As part of my Archmage setting, the eponymous archmages distinguish themselves from common wizardfolk by their ability to expand their spellcasting range over vast ranges... limited by line of sight.

For this reason, archmages like to build enormously tall towers and set up all of their ritual materials and spellcasting support apparatuses in a room at the very top.

This also makes assaulting an Archmage's Tower an interesting endeavour: First you must approach the tower in stealth or under cover to avoid the watchful eye of sentries atop the tower, then enter the lower levels and overcome all the challenges and defenses therein before confronting the wizard on the highest level.

Don't forget leg day! Those are an awful lot of stairs.

Now, to the central question of this post: What should the dimensions of a wizard's tower be? Assuming our medieval lack of material science is made up for by magically hardening stone, wood and iron, how tall and narrow can we make it and how much would such a thing cost to build? What other considerations need to be made?
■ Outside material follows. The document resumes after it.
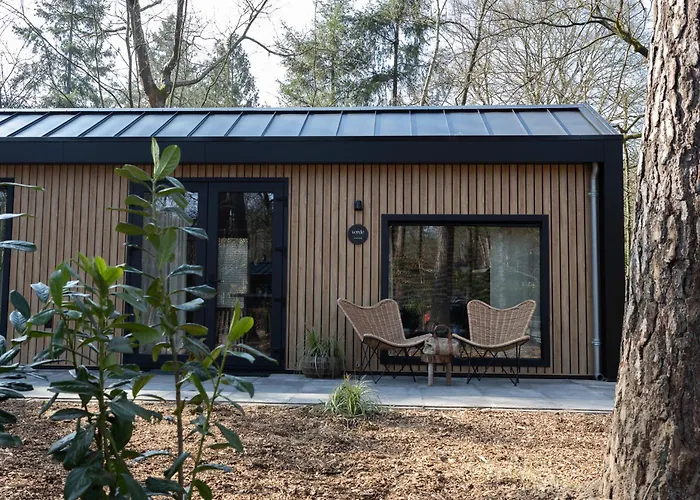 Tiny Tinyhouse * Nunspeet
This should give some reference - timeline of the three tallest structures in the world. From 2500 BC (the Great Pyramid of Giza) to 1888 (the Washington Monument) the tallest structures in the world had remained in the range of 150-170 meters tall.


Exactly how effective and expensive magical hardening is, is the question here. No, the number of hp/hardness don't answer it.
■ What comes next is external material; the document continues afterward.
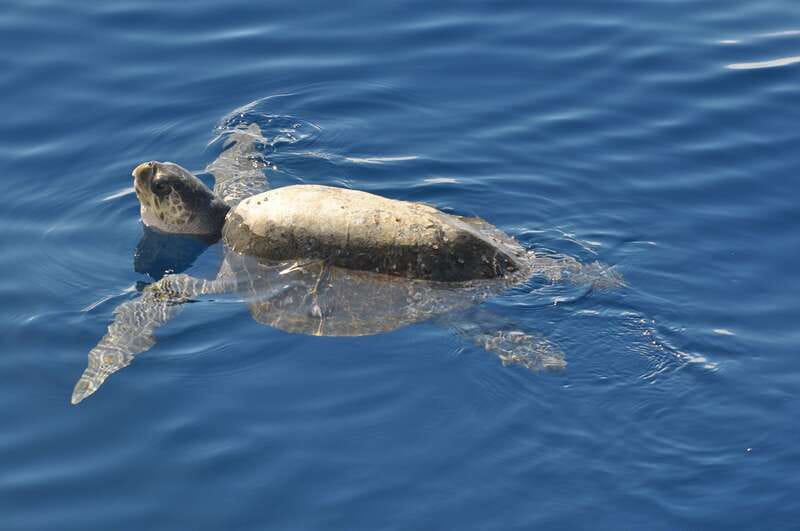 La Paz: Espiritu Santo Island Tour - Stop one: San Rafaelito and snorkeling with sea lions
First of course you'd build at the top of a natural hill or mountain because that height is all but free. Failing that you'd build a motte (as in a motte-and-bailey castle). The latter gets up to ~100' tall.

With sufficient money you could get a 200' tall tower using medieval tech, easy. Why do you want it to be narrow, particularly?


Two reasons:

1. Wizard Towers as narrow spires are cool.

2. To save on cost for magical hardening.

Grand Lodge

One of the old Judges Guild modules had a very nice layout for a wizard's tower. I wish I still had it.


If you assume that magical hardening doubles compressive strength, then if you can also control weather enough that there's no additional wind loading you can double the tower height. If you only reinforce selected structural bits you'd get less extra height but might drop the cost a lot.

RL big medieval-era towers seem to be about 1.5x as tall as their base length (they're much narrower at the top). Part of that would be wanting to fit a large number of people in the cathedral the tower is attached to though; eyeballing the pictures I think you could easily get 4x. Any additional magical hardening could extend height without adding to width.


Oh. Don't forget that ther should not be any staircases, especially in the upper floors. Minions shouldn't be up ther anyways, and you DO have access to magical flight after all.

Shadow Lodge

It doesn't need to be all that impressive.


Alexander S. Modeus wrote:
Oh. Don't forget that ther should not be any staircases, especially in the upper floors. Minions shouldn't be up ther anyways, and you DO have access to magical flight after all.

Telvanni-style!


I am now considering adding a property that can be applied to structures that fixes them not onto a foundation, but pins them to space itself (relative to the planet). Basically, each stone is its own immovable rod. Ancient towers may be shattered and broken, but largely still standing and often with disconnected levels of the tower just floating above ruins.

Hooray for ridiculous consequences of magical materials!